[Stored records]
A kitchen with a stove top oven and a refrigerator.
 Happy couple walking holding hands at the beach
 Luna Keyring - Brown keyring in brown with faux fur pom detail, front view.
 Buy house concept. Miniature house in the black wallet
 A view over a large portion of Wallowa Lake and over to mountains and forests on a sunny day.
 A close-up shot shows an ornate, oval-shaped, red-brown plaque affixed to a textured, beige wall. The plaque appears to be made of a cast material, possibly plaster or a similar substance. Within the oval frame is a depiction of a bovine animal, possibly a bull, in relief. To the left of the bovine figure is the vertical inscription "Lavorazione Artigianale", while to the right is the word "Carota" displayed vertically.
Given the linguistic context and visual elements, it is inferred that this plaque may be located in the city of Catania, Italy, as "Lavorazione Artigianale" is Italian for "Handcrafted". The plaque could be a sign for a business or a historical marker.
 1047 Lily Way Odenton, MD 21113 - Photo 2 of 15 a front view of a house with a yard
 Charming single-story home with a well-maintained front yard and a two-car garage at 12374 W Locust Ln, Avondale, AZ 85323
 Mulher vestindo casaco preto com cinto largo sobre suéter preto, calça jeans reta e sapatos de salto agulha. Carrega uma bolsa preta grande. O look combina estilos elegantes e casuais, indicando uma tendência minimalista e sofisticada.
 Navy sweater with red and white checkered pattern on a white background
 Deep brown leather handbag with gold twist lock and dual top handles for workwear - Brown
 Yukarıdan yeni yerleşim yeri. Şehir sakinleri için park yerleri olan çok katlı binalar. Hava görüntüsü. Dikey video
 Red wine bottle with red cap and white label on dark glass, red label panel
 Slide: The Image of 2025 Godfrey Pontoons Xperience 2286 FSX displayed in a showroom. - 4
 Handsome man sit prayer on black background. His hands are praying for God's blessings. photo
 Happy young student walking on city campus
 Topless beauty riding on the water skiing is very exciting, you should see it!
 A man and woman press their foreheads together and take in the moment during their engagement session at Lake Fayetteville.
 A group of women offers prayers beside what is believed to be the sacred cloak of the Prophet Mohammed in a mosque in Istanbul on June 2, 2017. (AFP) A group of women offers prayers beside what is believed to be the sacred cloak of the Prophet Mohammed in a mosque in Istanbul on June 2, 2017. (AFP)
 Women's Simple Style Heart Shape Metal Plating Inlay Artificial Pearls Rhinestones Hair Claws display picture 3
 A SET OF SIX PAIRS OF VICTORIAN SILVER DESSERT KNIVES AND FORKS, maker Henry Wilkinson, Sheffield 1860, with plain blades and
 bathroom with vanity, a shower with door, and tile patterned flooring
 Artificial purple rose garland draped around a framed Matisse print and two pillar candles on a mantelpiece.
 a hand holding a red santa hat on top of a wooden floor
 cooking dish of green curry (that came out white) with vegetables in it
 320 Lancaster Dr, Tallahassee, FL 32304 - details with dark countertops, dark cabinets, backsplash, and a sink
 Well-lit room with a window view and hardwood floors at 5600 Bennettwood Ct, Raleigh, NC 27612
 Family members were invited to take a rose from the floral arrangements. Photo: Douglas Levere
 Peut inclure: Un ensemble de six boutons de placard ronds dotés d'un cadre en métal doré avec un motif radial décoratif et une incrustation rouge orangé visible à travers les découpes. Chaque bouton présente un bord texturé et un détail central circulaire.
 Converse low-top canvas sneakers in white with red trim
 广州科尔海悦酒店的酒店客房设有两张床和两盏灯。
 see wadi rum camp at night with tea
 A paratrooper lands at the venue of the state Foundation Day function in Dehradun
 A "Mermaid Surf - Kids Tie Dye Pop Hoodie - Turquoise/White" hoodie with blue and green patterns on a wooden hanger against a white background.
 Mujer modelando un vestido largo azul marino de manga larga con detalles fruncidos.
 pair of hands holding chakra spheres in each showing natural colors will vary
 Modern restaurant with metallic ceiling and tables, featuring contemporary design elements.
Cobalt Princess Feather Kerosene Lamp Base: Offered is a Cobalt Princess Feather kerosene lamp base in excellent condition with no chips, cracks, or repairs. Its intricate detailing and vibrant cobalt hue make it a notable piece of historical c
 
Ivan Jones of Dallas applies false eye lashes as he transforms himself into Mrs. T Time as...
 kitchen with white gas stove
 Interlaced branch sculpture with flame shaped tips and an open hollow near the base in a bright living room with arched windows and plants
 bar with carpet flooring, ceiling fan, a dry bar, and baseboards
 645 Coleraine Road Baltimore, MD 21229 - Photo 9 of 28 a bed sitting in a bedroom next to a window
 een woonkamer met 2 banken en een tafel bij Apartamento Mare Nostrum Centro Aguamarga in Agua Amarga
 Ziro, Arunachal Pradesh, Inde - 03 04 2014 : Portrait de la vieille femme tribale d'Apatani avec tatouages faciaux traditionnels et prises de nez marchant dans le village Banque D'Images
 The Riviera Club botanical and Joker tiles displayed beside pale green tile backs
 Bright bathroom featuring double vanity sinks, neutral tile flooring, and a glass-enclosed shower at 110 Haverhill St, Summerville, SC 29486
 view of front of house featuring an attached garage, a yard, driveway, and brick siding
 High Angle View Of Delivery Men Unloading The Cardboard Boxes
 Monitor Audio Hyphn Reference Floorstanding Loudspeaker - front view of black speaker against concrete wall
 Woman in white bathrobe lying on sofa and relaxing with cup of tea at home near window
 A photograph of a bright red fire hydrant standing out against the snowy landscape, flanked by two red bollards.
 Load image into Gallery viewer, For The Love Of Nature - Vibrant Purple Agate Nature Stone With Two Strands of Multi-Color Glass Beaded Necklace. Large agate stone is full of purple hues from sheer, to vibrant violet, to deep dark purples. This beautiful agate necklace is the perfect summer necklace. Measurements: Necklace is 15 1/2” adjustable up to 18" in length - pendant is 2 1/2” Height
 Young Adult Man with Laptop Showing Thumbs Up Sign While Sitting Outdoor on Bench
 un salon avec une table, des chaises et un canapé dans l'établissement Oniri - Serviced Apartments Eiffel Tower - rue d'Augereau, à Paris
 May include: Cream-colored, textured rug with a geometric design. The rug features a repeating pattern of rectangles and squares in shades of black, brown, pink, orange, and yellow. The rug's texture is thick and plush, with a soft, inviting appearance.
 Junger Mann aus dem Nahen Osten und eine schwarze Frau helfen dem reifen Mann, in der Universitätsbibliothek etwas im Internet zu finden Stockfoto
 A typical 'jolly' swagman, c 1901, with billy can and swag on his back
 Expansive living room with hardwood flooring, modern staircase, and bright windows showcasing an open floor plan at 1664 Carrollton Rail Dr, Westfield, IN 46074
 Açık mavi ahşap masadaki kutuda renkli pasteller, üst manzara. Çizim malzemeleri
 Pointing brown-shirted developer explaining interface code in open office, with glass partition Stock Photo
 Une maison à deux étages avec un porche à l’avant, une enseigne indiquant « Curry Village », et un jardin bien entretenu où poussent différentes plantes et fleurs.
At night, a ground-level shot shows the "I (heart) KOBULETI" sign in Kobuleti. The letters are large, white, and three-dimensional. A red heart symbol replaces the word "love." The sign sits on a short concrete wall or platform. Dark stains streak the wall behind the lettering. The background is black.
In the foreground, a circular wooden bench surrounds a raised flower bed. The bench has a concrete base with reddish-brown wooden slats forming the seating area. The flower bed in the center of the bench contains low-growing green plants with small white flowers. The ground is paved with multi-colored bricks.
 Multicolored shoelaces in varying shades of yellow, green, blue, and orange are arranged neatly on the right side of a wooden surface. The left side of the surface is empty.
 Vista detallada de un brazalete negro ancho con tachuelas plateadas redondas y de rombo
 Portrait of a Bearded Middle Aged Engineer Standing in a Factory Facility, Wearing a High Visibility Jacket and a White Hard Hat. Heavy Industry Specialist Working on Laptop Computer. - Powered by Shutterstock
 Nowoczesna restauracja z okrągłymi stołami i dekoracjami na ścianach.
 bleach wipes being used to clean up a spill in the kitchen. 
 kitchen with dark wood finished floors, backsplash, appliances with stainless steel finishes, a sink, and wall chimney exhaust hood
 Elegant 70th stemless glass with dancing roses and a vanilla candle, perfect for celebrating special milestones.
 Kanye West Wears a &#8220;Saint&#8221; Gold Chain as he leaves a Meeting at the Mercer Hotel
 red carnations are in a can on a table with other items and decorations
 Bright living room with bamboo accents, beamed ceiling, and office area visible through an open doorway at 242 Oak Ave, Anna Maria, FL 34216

> Aim of the exercise:
Considering the records above, state how many lines contain the word "stove", with nothing else in your reply.

> Result of this task:
2